Foreign airlines are hurting, too. British carrier BMI has enough funds to last through the month, despite massive losses, says the Financial Times; British Airways is seeking approval to buy the airline by the end of the month, with rumored plans to eventually shut down the airline. That said, a BMI spokesperson told me: "we will be flying our summer 2012 schedule, so customers can continue to book with bmi with confidence." Elsewhere: India’s Kingfisher Airlines said today that it is “curtailing” its international routes because it’s been unable to pay staff salaries for several months.

What do affected travelers need to know? Here are some key points:

Don't expect other airlines to honor tickets from Direct Air. While that kind of courtesy has happened in the past, no rival airline I contacted said it would help passengers out.

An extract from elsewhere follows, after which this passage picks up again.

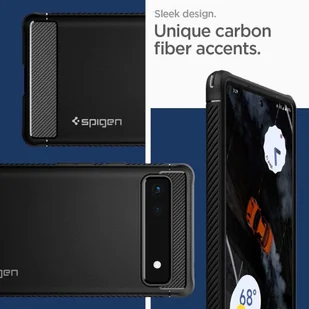 Spigen RUGGED ARMOR GOOGLE PIXEL 6A MATTE BLACK 8809811860405-ACS04476 - Etui i futerały do telefonów - miniaturka - grafika 15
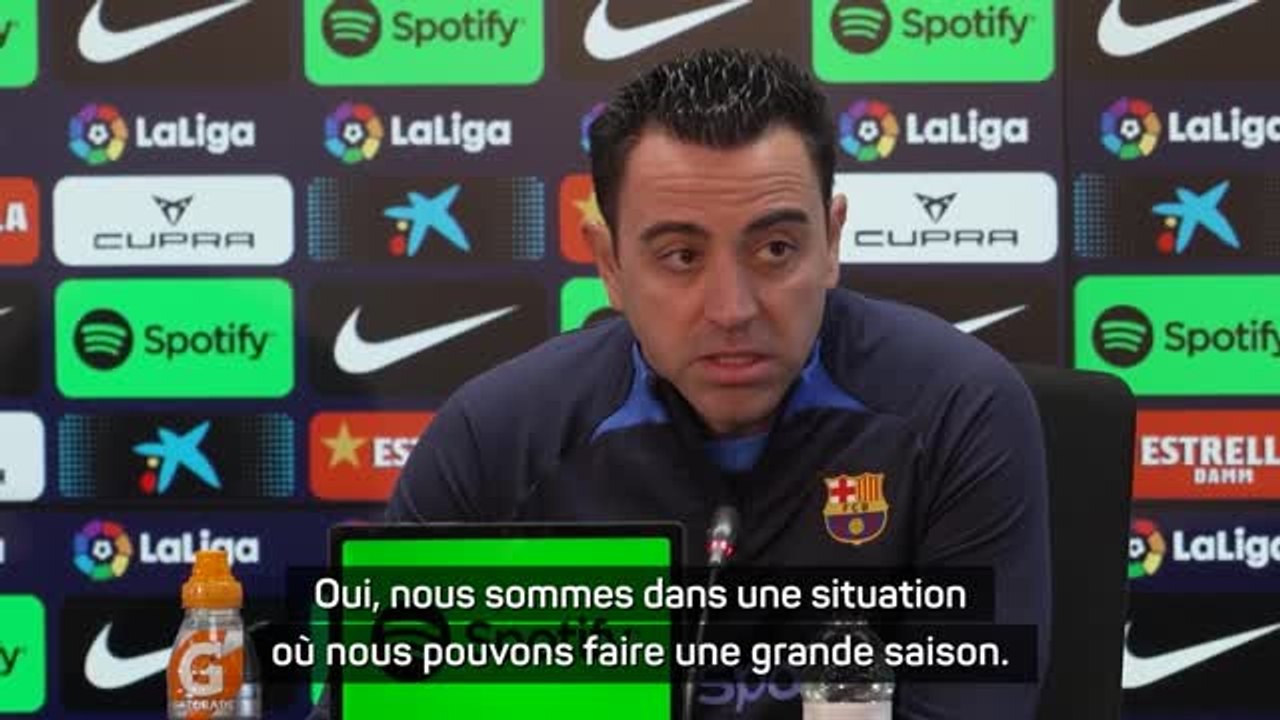 Barcelone - Xavi content de la saison malgré l'élimination en Ligue des champions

If you buy a ticket for a flight service you don't receive—even if it's on a foreign carrier—you're covered under the Fair Credit Billing Act (details, here). Ask your credit card issuer to remove the charges from your bill.

By law, US airlines must have money to refund cancellations and Direct Air told the DOT that it has sufficient cash in its escrow account. But my calls to the airline weren't answered. Look to the Department of Transportation (DOT) to soon post instructions on its "cessations" page, with advice on what to do specific to each airline after it has officially shut down for good.

Credit cards offer protection. Debit cards don't.

Filing a credit card dispute is only worth trying if an airline has stopped flying its planes. Cancellations on individual flights don't count.

Write your credit card issuer within 60 days after you receive the first bill with the charge. Keep a copy of the letter (not an e-mail) in case you need it later to prove you sent it. Send the letter to your credit card issuer's special address for inquiries. Don't mail it along with your monthly payment. In the meantime, don't pay the portion of the bill that accounts for the charge.